> [WORK REQUEST]
Transcribe each entry exactly as it appears, leaving out any picture it holds.

> [PROVIDED MATERIAL]
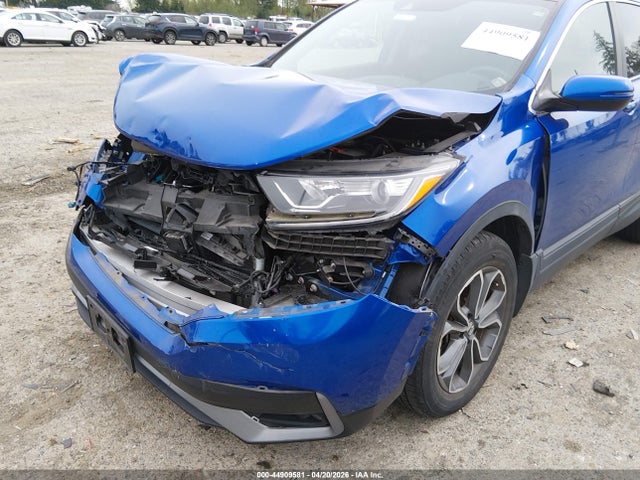 Продажа на аукционе авто 2021 Honda Cr-v Awd Ex, vin: 7FARW2H55ME020242, номер лота: 44909581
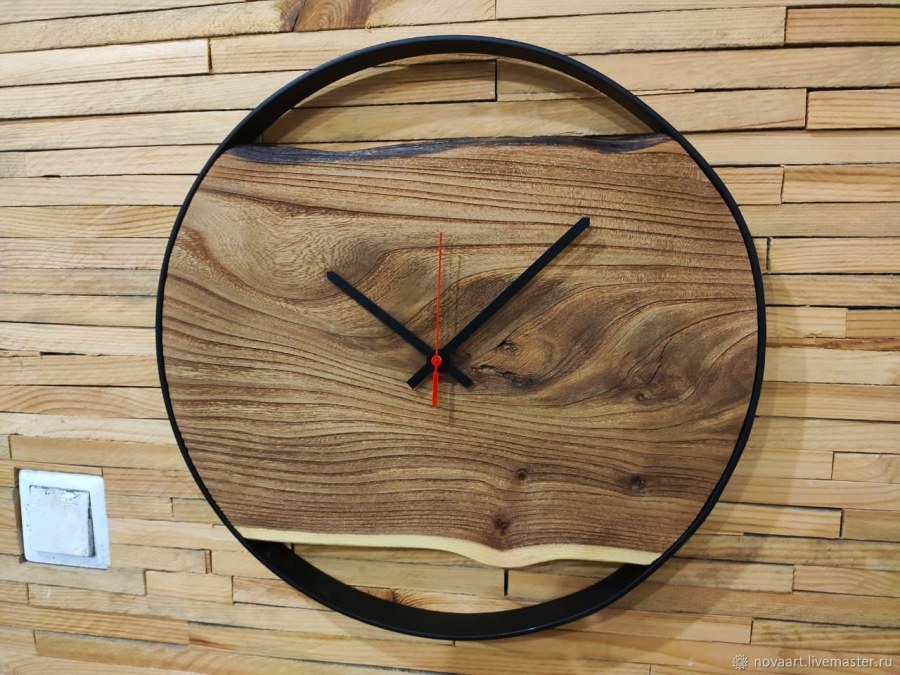 Часы настенные totally Loft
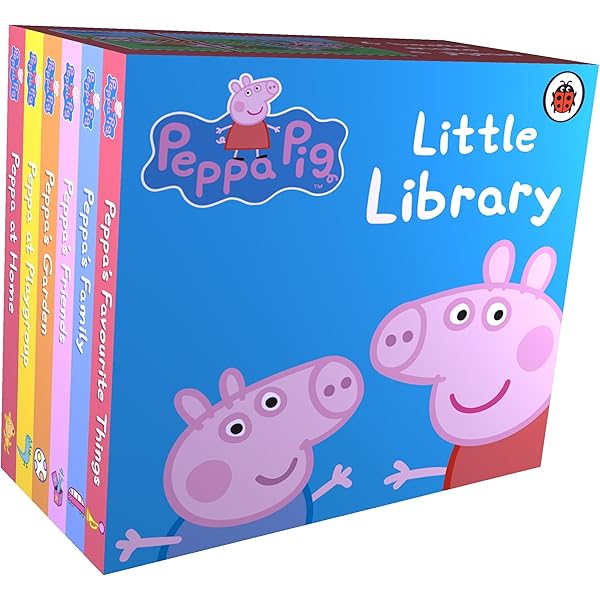 Amazon.com: Peppa Pig - My First Library Board Book Block 12-Book
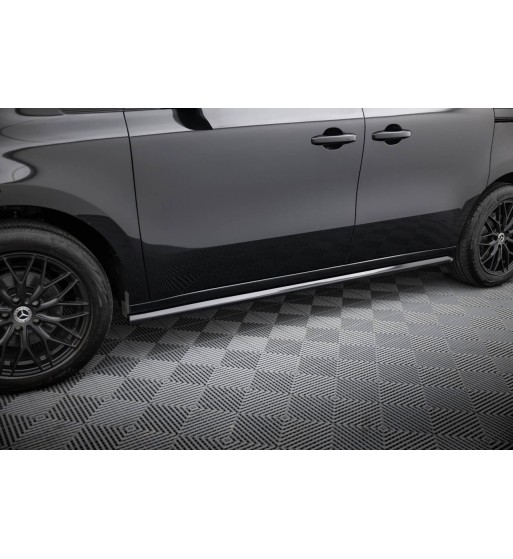 Side skirt diffusers for Mercedes-Benz T W420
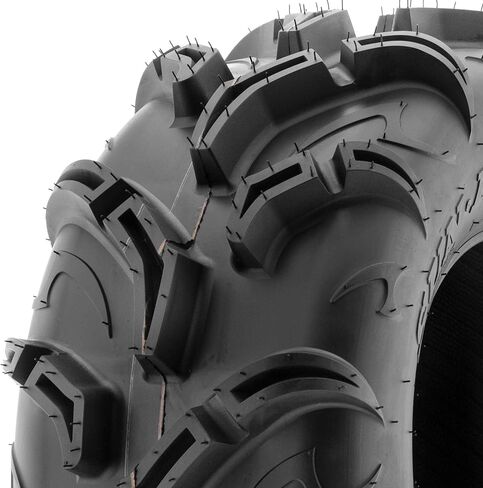SunF Warrior AT-Mud & Trail ATV/UTV Tire 25x8-12, 6PR, 1.18" Tread Depth in Saudi Arabia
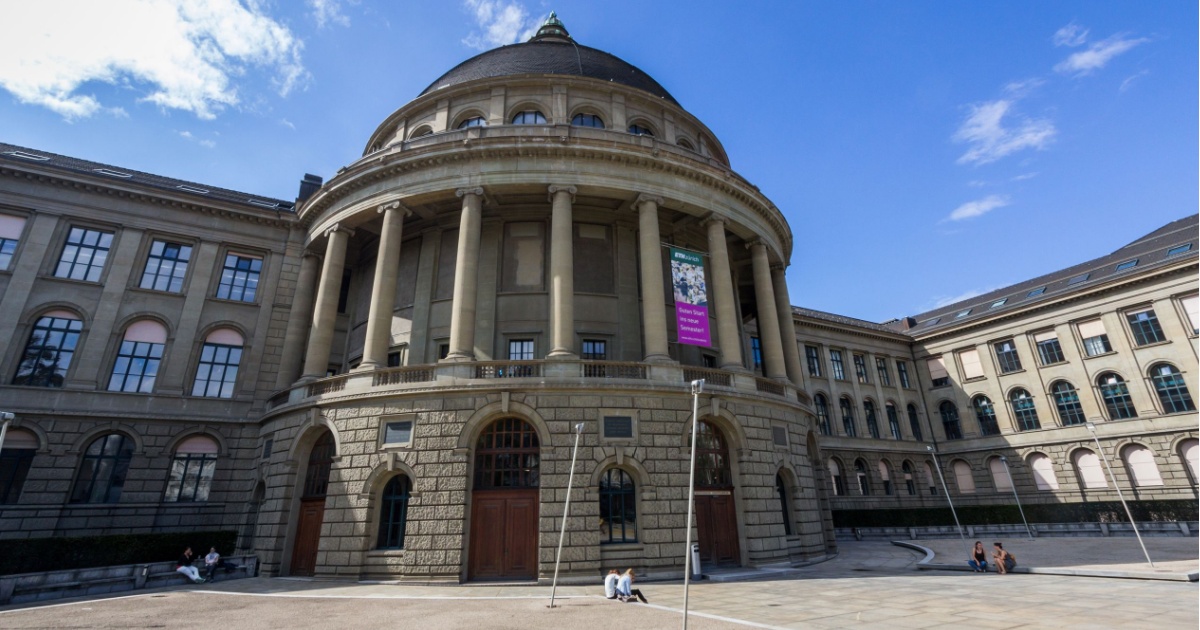 ETH Zurich remains best-ranked university in Continental Europe for 2026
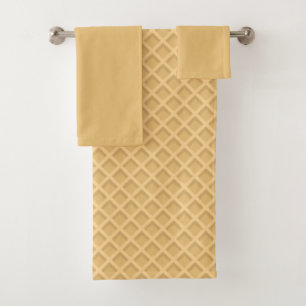 Wafer Bad Handdoek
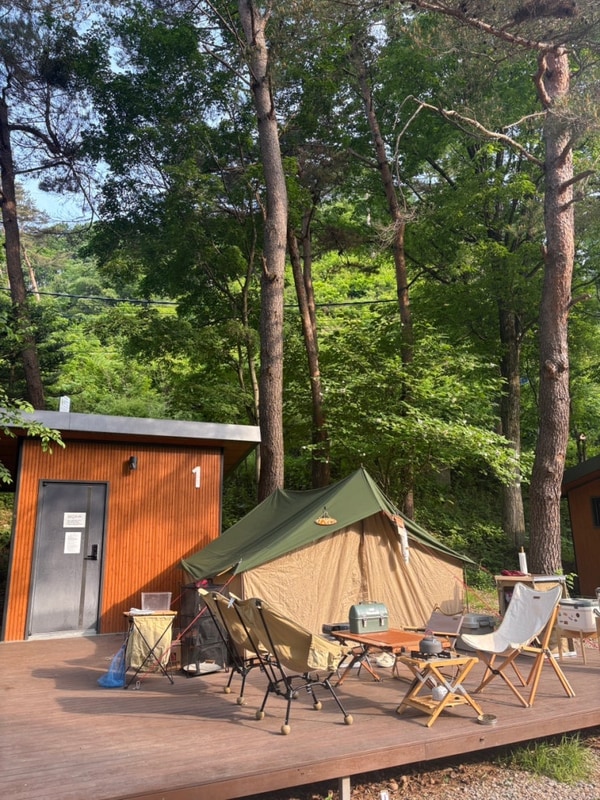 강원도 평창 [솔비알 캠핑장]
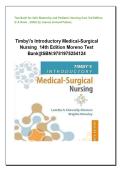 Test Bank for Safe Maternity and Pediatric Nursing Care 3rd Edition &lpar;F&period;A Davis &comma; 2026&rpar; by Luanne Linnard Palmer&comma; 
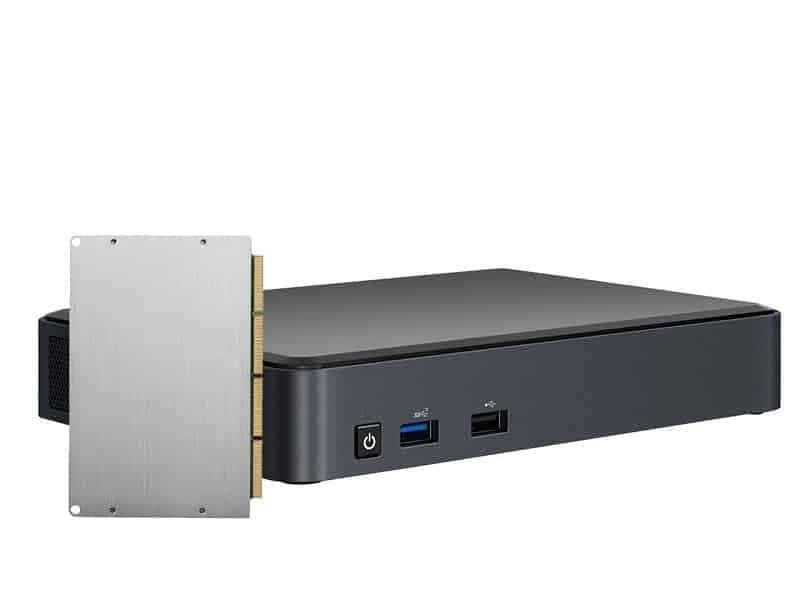 مینی کامپیوتر اینتل NUC Element CMCM2FB i5 /Ram8 SSD 2TB — تصویر ۲
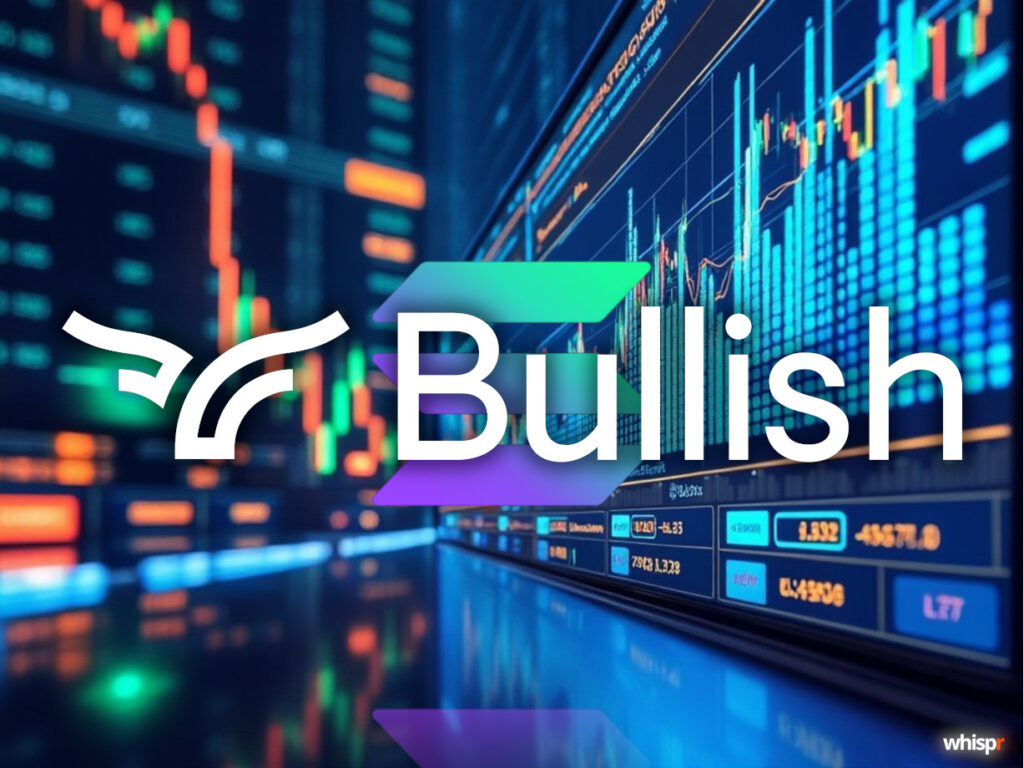 Bullish hace historia con una IPO en stablecoins · WHISPR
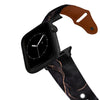 Load image into Gallery viewer, Thunderstorm Leather Apple Watch Band Apple Watch Band - Leather C4 BELTS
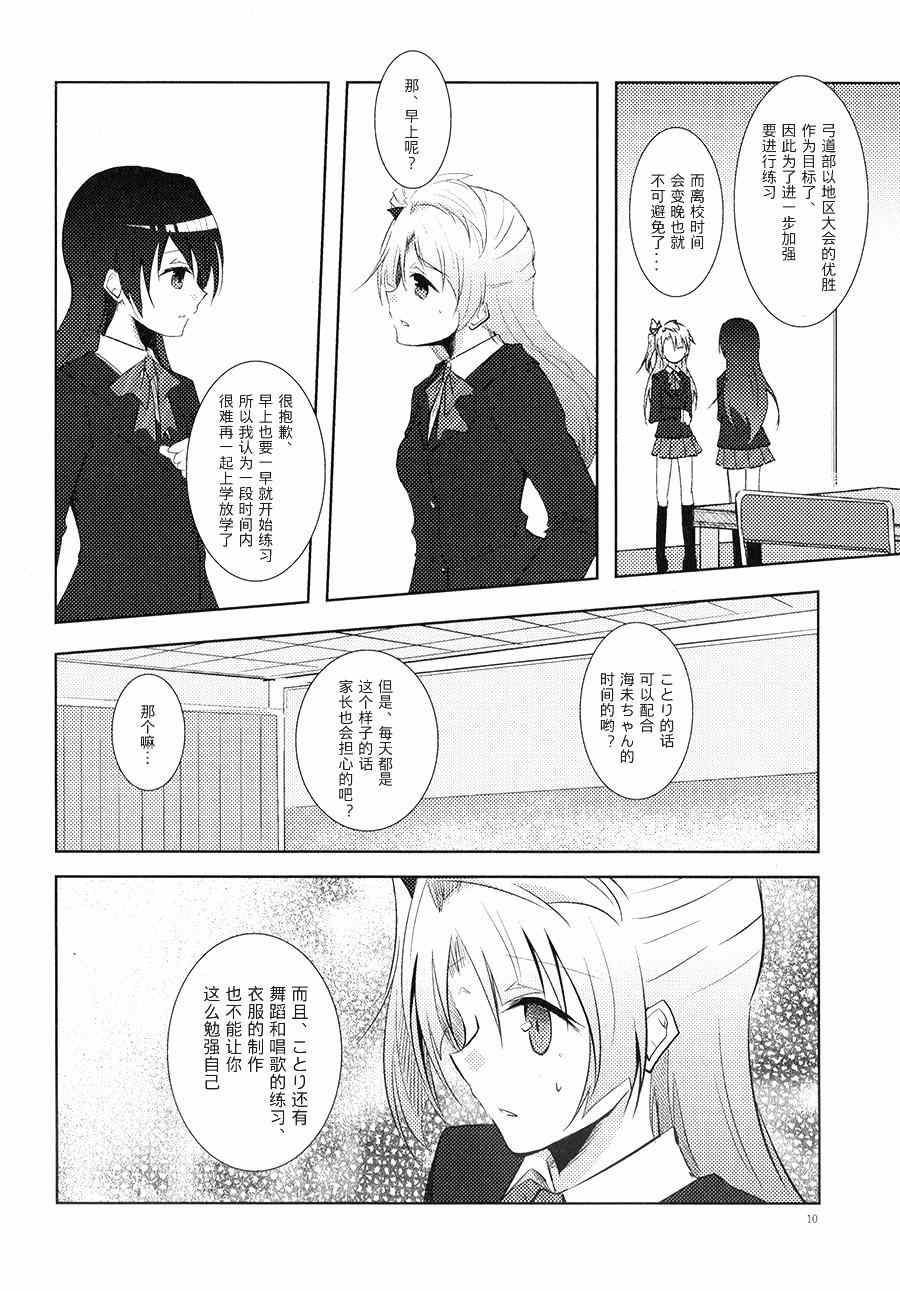 《LoveLive》漫画 银莲花之笼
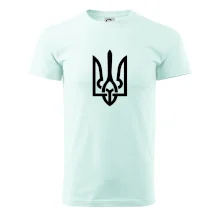 Ukrajina trojzubec veľký Ukrajina trojzubec veľký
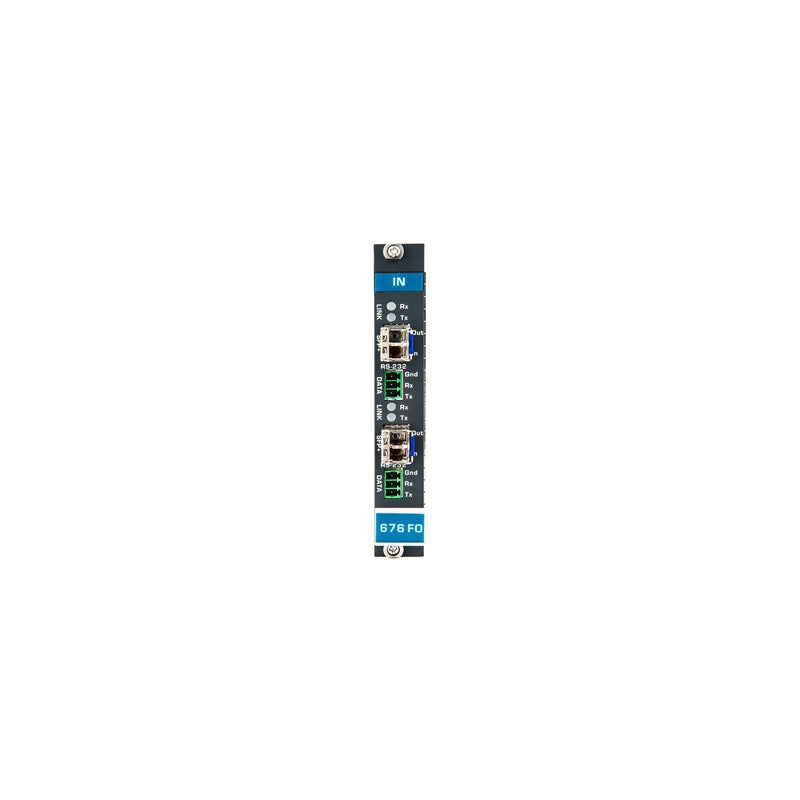 Kramer - Netzwerkadapter Glasfaser Eingangskarte F676-IN2-F16/STANDAL 2-Kanal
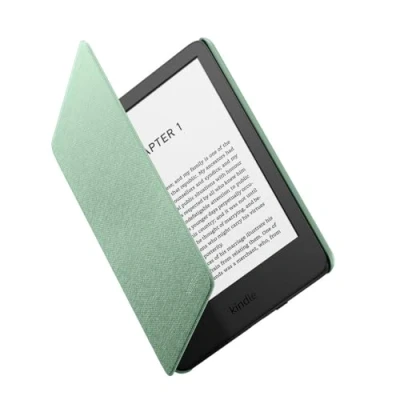Image of Amazon Kindle Case, Thin and Lightweight, Foldable Protective Cover Fabric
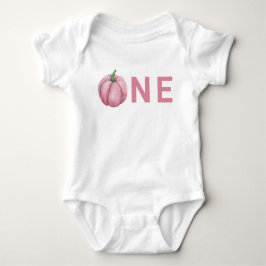 リトルパンプキン1歳の誕生日パーティー ベビーボディスーツ
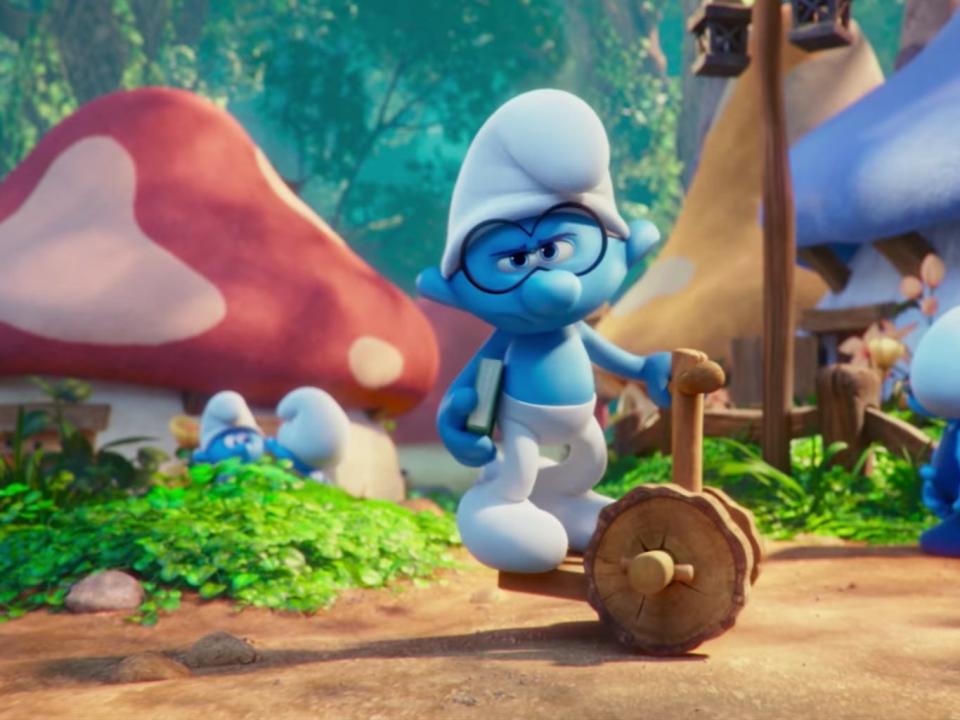 smurfs the lost village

> [OUTPUT FOR THIS TASK]
 Продажа на аукционе авто 2021 Honda Cr-v Awd Ex, vin: 7FARW2H55ME020242, номер лота: 44909581
 Часы настенные totally Loft
 Amazon.com: Peppa Pig - My First Library Board Book Block 12-Book
 Side skirt diffusers for Mercedes-Benz T W420
SunF Warrior AT-Mud & Trail ATV/UTV Tire 25x8-12, 6PR, 1.18" Tread Depth in Saudi Arabia
 ETH Zurich remains best-ranked university in Continental Europe for 2026
 Wafer Bad Handdoek
 강원도 평창 [솔비알 캠핑장]
 Test Bank for Safe Maternity and Pediatric Nursing Care 3rd Edition &lpar;F&period;A Davis &comma; 2026&rpar; by Luanne Linnard Palmer&comma; 
 مینی کامپیوتر اینتل NUC Element CMCM2FB i5 /Ram8 SSD 2TB — تصویر ۲
 Bullish hace historia con una IPO en stablecoins · WHISPR
 Load image into Gallery viewer, Thunderstorm Leather Apple Watch Band Apple Watch Band - Leather C4 BELTS
 《LoveLive》漫画 银莲花之笼
 Ukrajina trojzubec veľký Ukrajina trojzubec veľký
 Kramer - Netzwerkadapter Glasfaser Eingangskarte F676-IN2-F16/STANDAL 2-Kanal
Image of Amazon Kindle Case, Thin and Lightweight, Foldable Protective Cover Fabric
 リトルパンプキン1歳の誕生日パーティー ベビーボディスーツ
 smurfs the lost village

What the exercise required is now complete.